|Château de Beynac|
With the lower parking lots empty and waiving their normal fees, we are feeling lucky as we begin our trek to the top of this mountainside medieval village. However, as charming as the sites en route to the château are, we are cautious of the very slippery cobblestone walkway that leads upward. The morning rain has stopped, but it’s still very wet and the walk is longer than we had planned. Had the tourist office been open, we would have gotten a map that showed the parking lot near the château’s entrance.
|View en route to the Château de Beynac|
|Perhaps this dame was cheering us on as we made the |
not-so-easy climb to Château de Beyac.
|A bench invites us to stop and catch our breath en route to Château de Beynac.|
Une femme trés sympa greets us when we finally arrive at the château, and we don’t at all blame her for the extra half-euro charged for a one-page castle guide. (I mean, come on! Couldn’t that cost be included in the 8-euro admission?)

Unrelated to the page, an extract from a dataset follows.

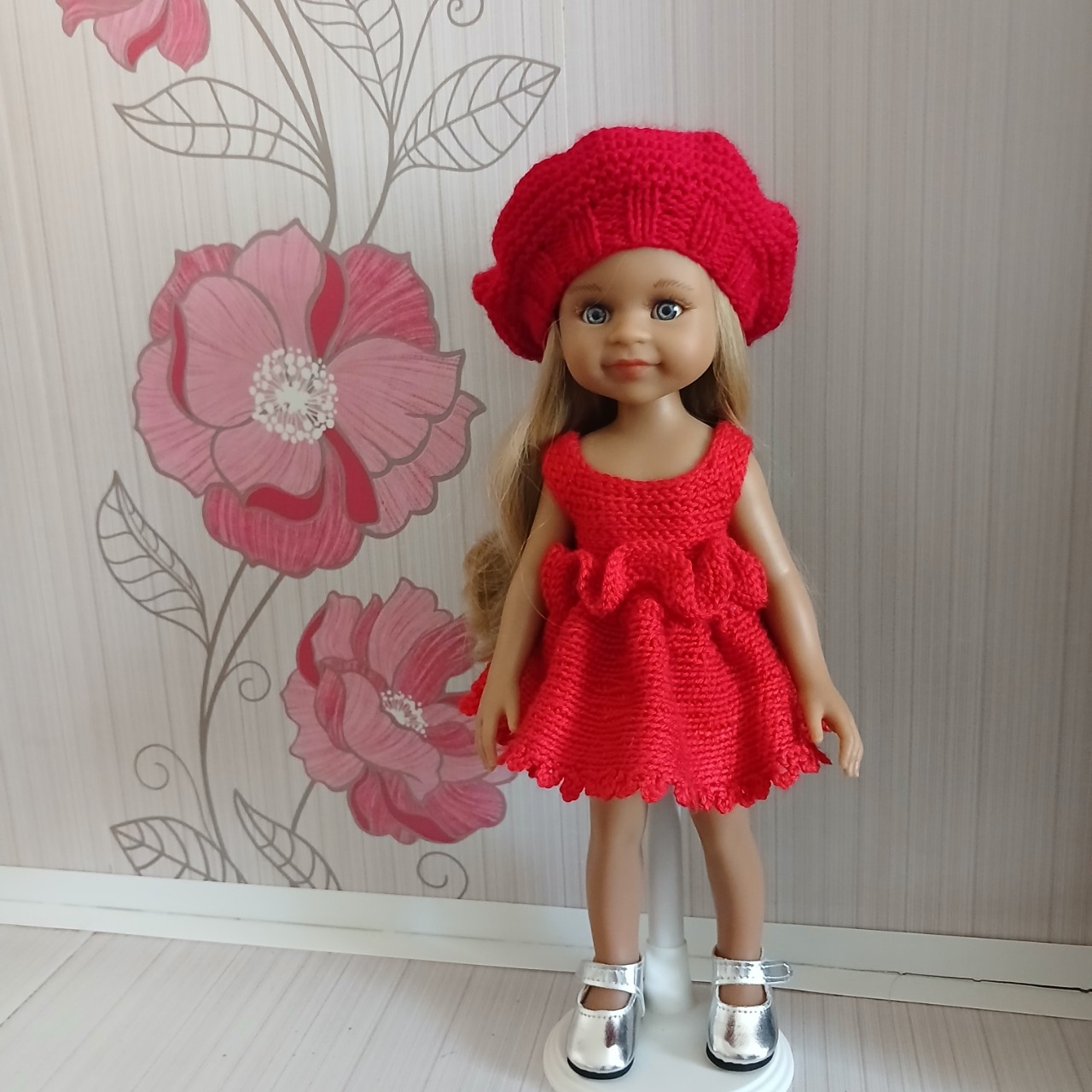 Всю жизнь играем в куклы in LOOKY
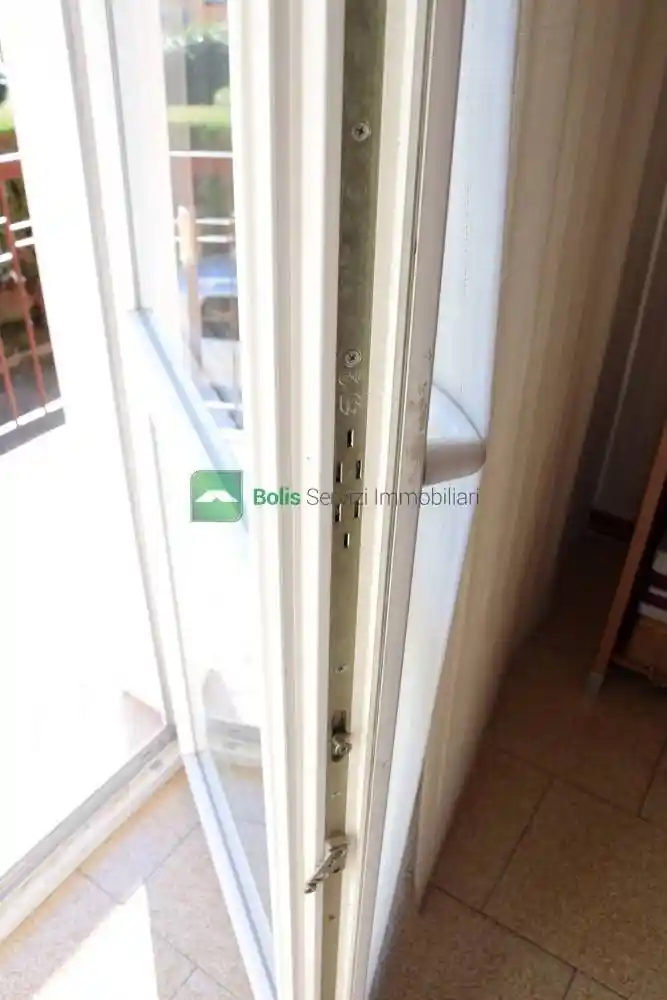 Trilocale via San Zenone 2, Valtrighe, Mapello - foto 4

Even before the fortress was built, Beynac’s location, at the top of a limestone cliff, made it a desireable stratetic destination. Prehistoric relics in the nearby caves suggest that reindeer hunters inhabited the area long ago. Barbarians and Normans tried their hand at domination. Eventually, in 1050, Hélie de Beynac, “the first known and recorded lord,” according to the Beynac-Cazenac website, began building what would eventually become a huge fortification.
|Window seat in Château de Beynac|
In 1189, Richard the Lionhearted of England captured the castle and it remained in English hands until Richard was killed during the siege of Chalus, near Limoges, in 1199. Afterward, the castle returned to the hands of the French for 161 years. The Treaty of Bretigny, signed in 1360 returned control to the English where it remained until France’s victory at Castillon-la-Bataille ended the 100-Years War.
|Colorful frescos from the 14th or 15th century on the wall of the oratory at |
Beynac are being restored by the French Ministry of Culture and Communication.
|Interior room in Château de Beynac|
Jumping ahead a few centuries, the castle was purchased in 1962 by Lucien Grosso who began restoration work, which continues in several sections of the fortress.
Not surprising given its location, visitors to Beynac-et-Cazenac can enjoy sweeping views of the valleys on both sides of the Dordogne river. Looking across, we spot Beynac’s neighboring castle, Château de Castelnaud.
|An impressive neighbor: Château de Castelnaud|
According to Wikipedia, Château de Beynac, has served as a film location for several films including “Ever After” (1998) and Jeanne d’Arc (1999). The village was a location for Lasse Halleström’s “Chocolat” (2000).